Judging by social media comments, there is a lot of confusion about public school funding.
In discussions on the proposed half-cent sales tax on the Nov. 3 ballot, people keep asking, “What about the lottery money? It was supposed to fund schools.”
This misconception has been around since the mid-1980s, when proponents were trying to persuade voters to approve a lottery for Florida.
It was sold as a way to enhance the schools.
This, in turn, is based on the misconception that spending more money on schools improves learning outcomes. There is no evidence to support this claim.
But it also reflects a misunderstanding of how politics works.
Local newspaper editorial writers warned that lottery money would only supplant other funding. This is what had happened in Illinois and other states that had begun state-operated lotteries.
Politicians merely had reduced funding from other sources as the lottery funds began to grow.
The other bit of semantic flim-flam was the idea of “enhancing school funding.” Every new dollar enhances, no matter what its source. Since it goes into recurring expenses, this year’s enhancement is next year’s ongoing funding.
The whole idea of enhancement was nonsense. People who thought the lottery was going to produce a bonanza for the schools were fooled.
The lottery has produced $37 billion for education since 1988, and education funding has grown substantially. But probably not any more than it would have without the lottery. Lottery funds simply have freed up other funds in the state budget, which have gone to other priorities.
Also, the lottery funds are for operating expenses, not to be used for capital outlay. The proposed half-cent tax for Jacksonville is to be used for that purpose – to build new schools.
No new schools have been built in Jacksonville for years.
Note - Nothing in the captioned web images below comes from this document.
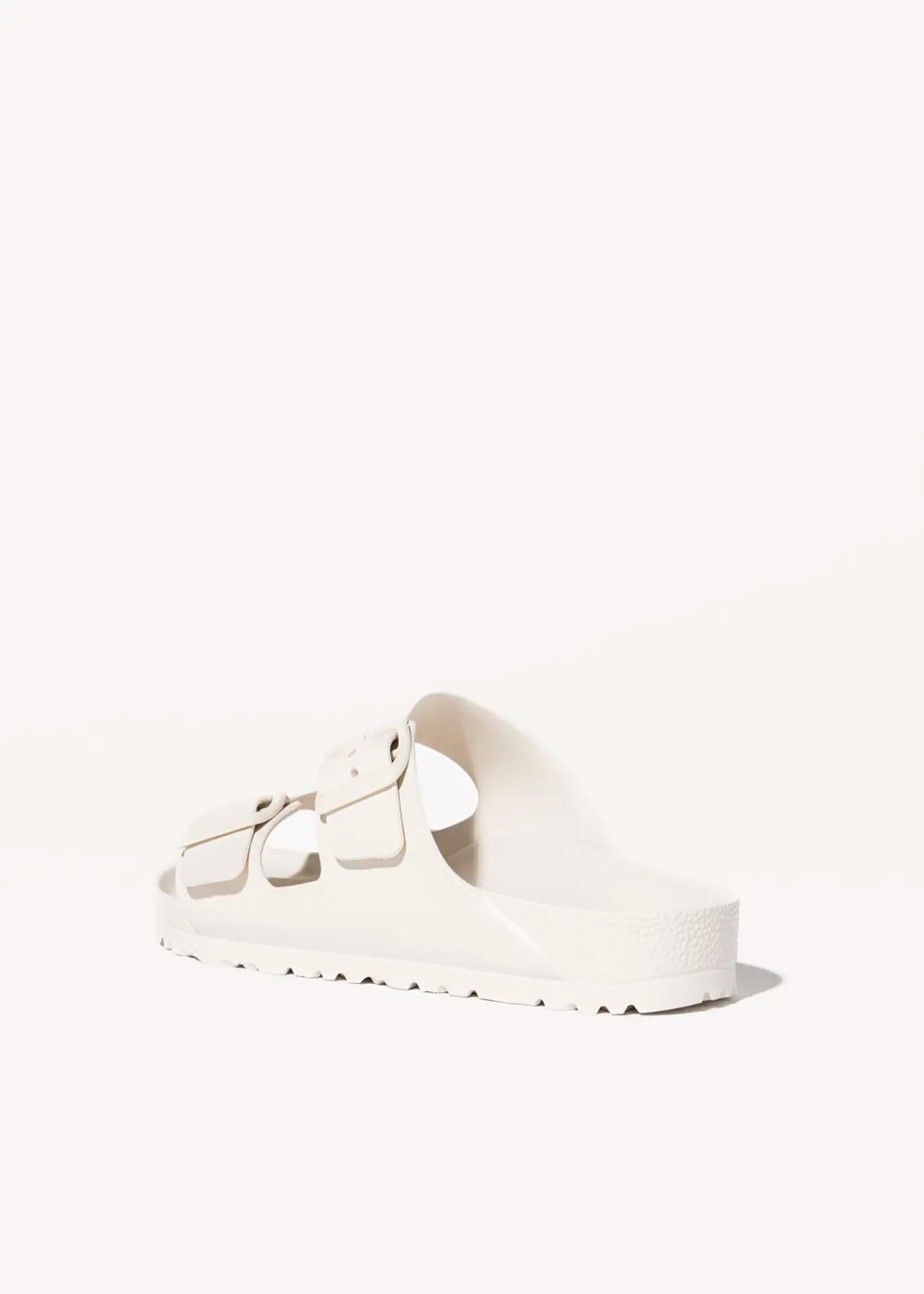 swatch_eggshell arizona eva sandal flat sandals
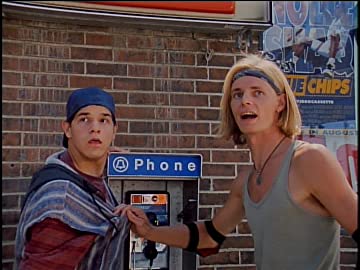 神様のくれた赤ん坊の画像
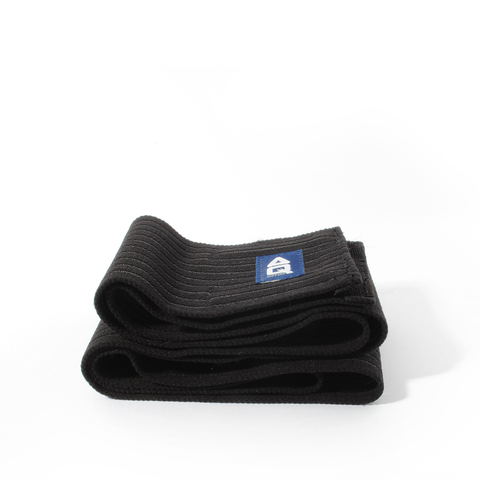 AQ  Knee Wrap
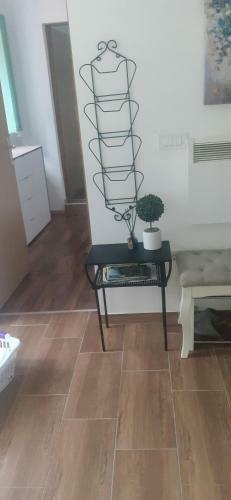 Apartman Sara Vl. Franjo Klasi?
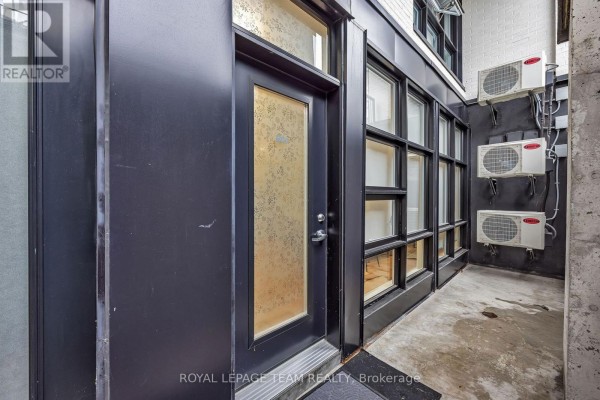 B01 - 101 Pinhey Street, Ottawa, ON K1Y1T7 Photo 4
School officials claim they did not have the money to build them and are using a large amount of money to repair the aging schools.
But the existence of the Florida Lottery has nothing to do with the need for new schools in Jacksonville. That is related to how well school officials have managed the funds they had available to them.
Fear of a depression from the pandemic and anger at school renaming plans are working against the sales tax proposal but may be overcome by those willing to provide relief by paying higher taxes or who have been influenced by a million-dollar sales campaign.